Abstract-Virtualization is a key enabler technology for cloud computing. It allows applications to share computing, memory, storage, and network resources. However, physical resources are not standalone and the server infrastructure is not homogeneous. The CPU cores are commonly connected to the shared memory, caches, and computational units. As a result, the performance of cloud applications can be greatly affected if, while being executed at different computing cores, they compete for the same shared cache or network resource. The performance degradation can be as high as 50%. In this work we present a methodology which predicts the performance problems of cloud applications during their concurrent execution by looking at the hardware performance counters collected during their standalone execution. The proposed methodology fosters design of novel solutions for efficient resource allocation and scheduling.
I. INTRODUCTION
Cloud computing becomes increasingly important. Its blend of flexible allocation and virtualization empowers scalability and reliability of applications, minimizing the burden posed on customers to fulfill these fundamental requirements. Virtualization decouples operating systems (OSs) and applications from hardware allowing easy migration (between different hardware and sites) and transparent upgrades.

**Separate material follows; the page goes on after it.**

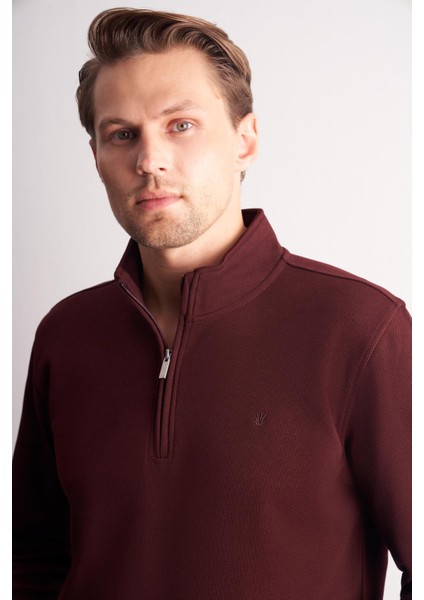 Bordo Uzun Kol Hakim Yaka Düz Pamuklu Comfort Fit Sweatshirt 1013255151 fırsatları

The unleashed computing power enables new applications with virtually no bounds for scalability. At any time customers are assured that (almost) any demands for resources can be satisfied for an affordable price. So the core of a cloud is its management plane, which is responsible for reliability, scalability and efficiency.
Cloud computing efficiency has two main issues: i) how much of the equipment is needed to keep the cloud running and meet the Quality of Service (QoS) constraints negotiated in Service Level Agreements (SLA); ii) optimize operating expenses and minimize hardware power consumption. It is up to the management plane to decide either to "shrink" or "expand" the cloud. And this decision process is complex. It must account for a large number of parameters such as time, current load, load dynamics, size of the resource pool, networking, data center topology, and QoS [1] . The control plane enables/disables data center equipment and migrates VMs to different hardware as it is needed.
The virtualization layer ensures that VMs are logically isolated. However, even if VMs are perfectly isolated in the virtualized environment they still share hardware resources, and these resources are not infinite, i.e., if one VM uses them another VM has to wait. What is normally missing in cloud management planes is the consideration of mutual VMs' interference.
Most of the resource management algorithms consider CPU cores as unified resources adding performance in proportion to their number. Many consider a six-core CPU to be three times faster than a two-core CPU running at the same frequency, but this is an idealized situation. In reality the performance gain may vary due to the subsystems shared between cores. These subsystems can include CPU caches, memory bus, I/O lines, instruction decoders, branch predictors, computational units and other components. Therefore, under heavy load it is unlikely to see a linear gain in performance when adding more CPU cores. In fact, an increase the number of cores can even degrade VM performance for up to 50% due to the inter-VM interference [2] , [3] .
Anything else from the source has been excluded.